Billi is a great character. I wouldn't go so far as to say Buffy pales in comparison (the author is a big Buffy fan himself, so I'm sure he'd cringe himself at the comparison), but Billi definitely holds her own as FEISTY and WEAPON-WIELDING. Writing this post made me think about what it is we require from our modern fantasy heroines. We need them to be fighters in the physical sense, not with superhuman strength or strength that's unrealistic for a young woman, but we need them to be willing to enter the fray and use whatever skills they have at their disposal. 

But most of  all I think we require our heroines to battle emotional demons as much as physical ones. In this book Billi struggles constantly to cope with her father's lack of interest in her as anything other than a foot soldier of the Order. This is handled extremely well I think. The other hallmark for a fantasy heroine is a little bit of Wrong Love. The love that the reader/viewer feels deep down in their hearts and pants as much as if the love was their own, but which everyone knows is wrong, wrong, wrong. The love that is both destined and destined to never work out. Devil's Kiss has this in both Kay, Billi's longtime friend and Oracle, and Michael, the ultimate tattooed buff honeypot. Thinking of all the (dare I say it, I guess it's bandied about as a genre so I can) urban fantasy books I've read in the past year, faerie ones included, they have all contained their own versions of Wrong Love for their female heroines. 

* Please note that I think the back cover guff was written by UK marketers. Who, I am sure, have not the grammar nor spelling skillz of Australian ones. 

Monday, June 15, 2009

Funerals

I went to a funeral today. I hate funerals and I avoid them where necessary. This one was a bit fraught because it involved people that I have mixed feelings about. But I decided to go in the end because I wanted to support my oldest childhood friend, and because this 93 year-old woman had written me birthday and Christmas cards for years and years when I was young, and she had always given me thoughtful nanna-ish presents such as handkerchiefs and mini sewing kits. 

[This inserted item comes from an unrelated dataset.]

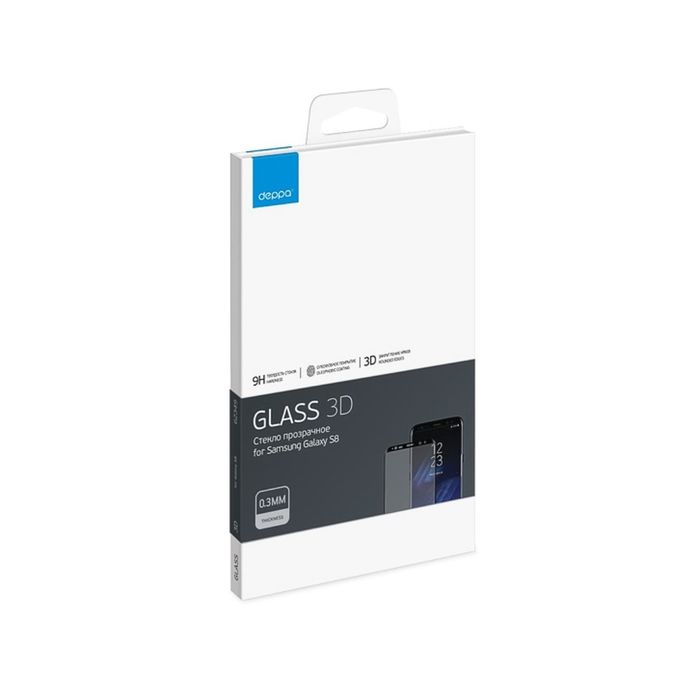 Защитное стекло DEPPA (62349) 3D Samsung Galaxy S8, черное, 0,3мм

Anyway, the funeral was OK. It was quite religious, which was a little bit uncomfortable for an agnostic-rapidly-heading-towards-atheist such as I. I told my sister I was going to sing the hymns loudly and lustily, but when it came time to do so, they were too high and I didn't know the melodies. My aim at funerals is to hold it together and not cry, and I did manage to do that. I also remembered all the names I should of, and made polite conversations of appropriate lengths. 

But I did have an odd experience on the way home. An elderly gentleman who had attended the funeral took the tram with my sister and I, and conversed with us, and then me alone after my sister got off the tram. This elderly gentleman was most dapper. He had clearly been very successful in his former work life, was handsome in a silver-haired sort of way, very faintly roguish, and had very charming old-fashioned manners. I rather think he enjoyed talking to a young, female stranger. And I equally enjoyed talking to a man who was at a very different stage in his life. I was quite looking forward to reading my book on the tram, but soon found myself enjoying conversing with a stranger. He was from interstate, and had come to Melbourne for the funeral because his late mother had been pen friends with the lady whose funeral it was. 

When we came to saying goodbye, he revealed an extraordinary amount of personal information about his life to me in the matter of seconds. We exchanged email addresses and went our separate ways. I felt bad that I hadn't agreed to have a cup of tea with him, but I wanted to get home and do some yoga after what had been a difficult day. I'm not the sort of person who changes their plans on a whim; sometimes I wish I was that sort of person. I wondered why he felt he could tell me those things. I wasn't worried that he had, in fact I felt privileged that he would entrust those details to me. I guess funerals put people in a vulnerable state, the kind of state where they seek connections with other people. It was a day of family skeletons and private sadnesses.